_Exercise prompt_.
Make an exact copy of all the entries below, with the pictures left out.

_Dataset excerpts_.
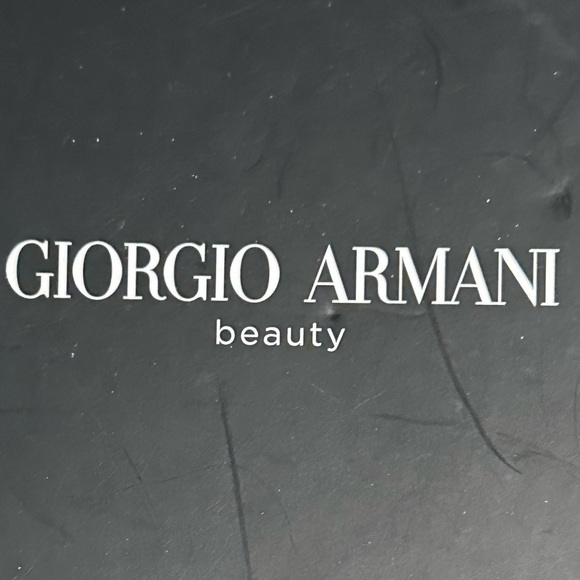 Giorgio Armani Hard Case - Picture 8 of 9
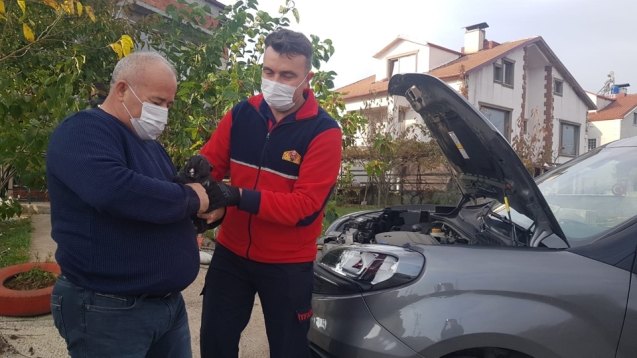 Tavşan, araç motorundan çıkarıldı...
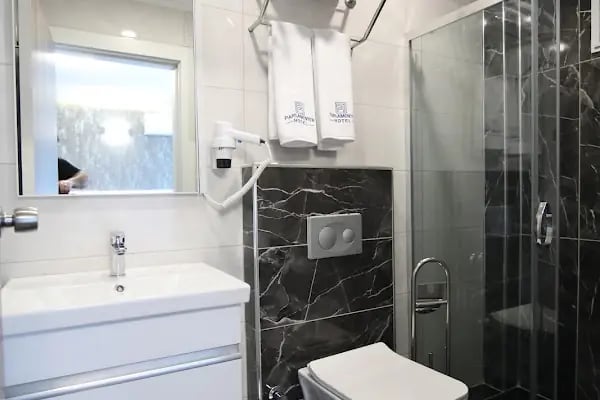 ORKA PREMİUM PARLAMENTER OTEL - Resim 3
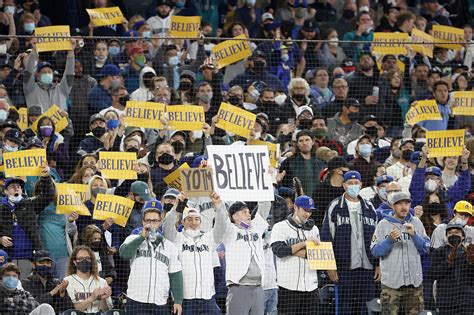 MLB Umpires Make HOW MUCH?!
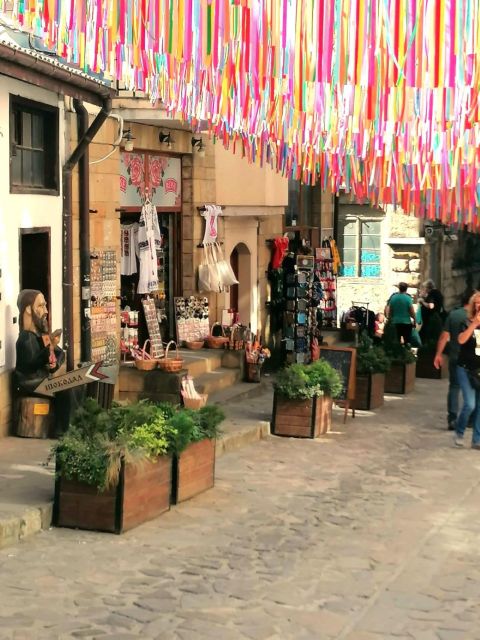 From Bucharest: Day Trip to Medieval Marvels of Bulgaria - Veliko Tarnovo and Samovodskata Charshiya: medieval streets in motion
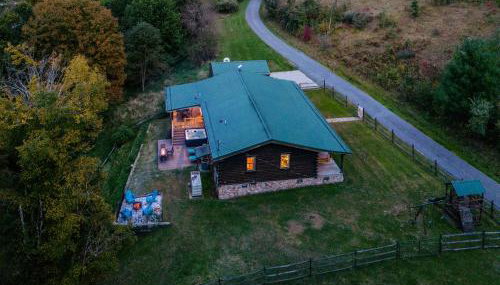 Ascension Cabin - hot tub, fire pit, babbling brook - Foto 4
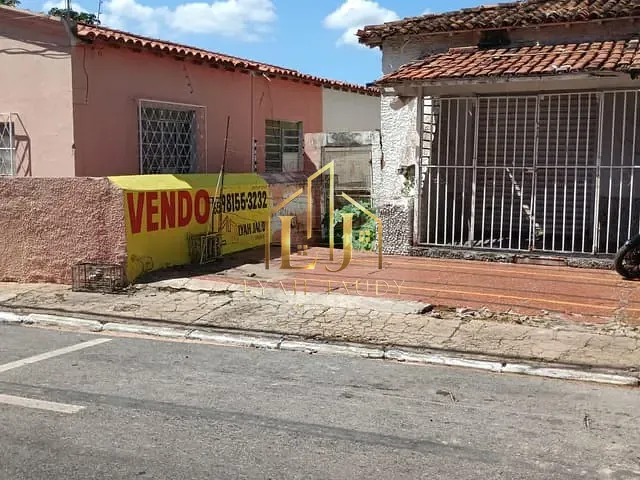 Casa com 350m², à venda, no bairro Centro-Norte em Cuiabá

_Answer for the task_.
 Giorgio Armani Hard Case - Picture 8 of 9
 Tavşan, araç motorundan çıkarıldı...
 ORKA PREMİUM PARLAMENTER OTEL - Resim 3
 MLB Umpires Make HOW MUCH?!
 From Bucharest: Day Trip to Medieval Marvels of Bulgaria - Veliko Tarnovo and Samovodskata Charshiya: medieval streets in motion
 Ascension Cabin - hot tub, fire pit, babbling brook - Foto 4
 Casa com 350m², à venda, no bairro Centro-Norte em Cuiabá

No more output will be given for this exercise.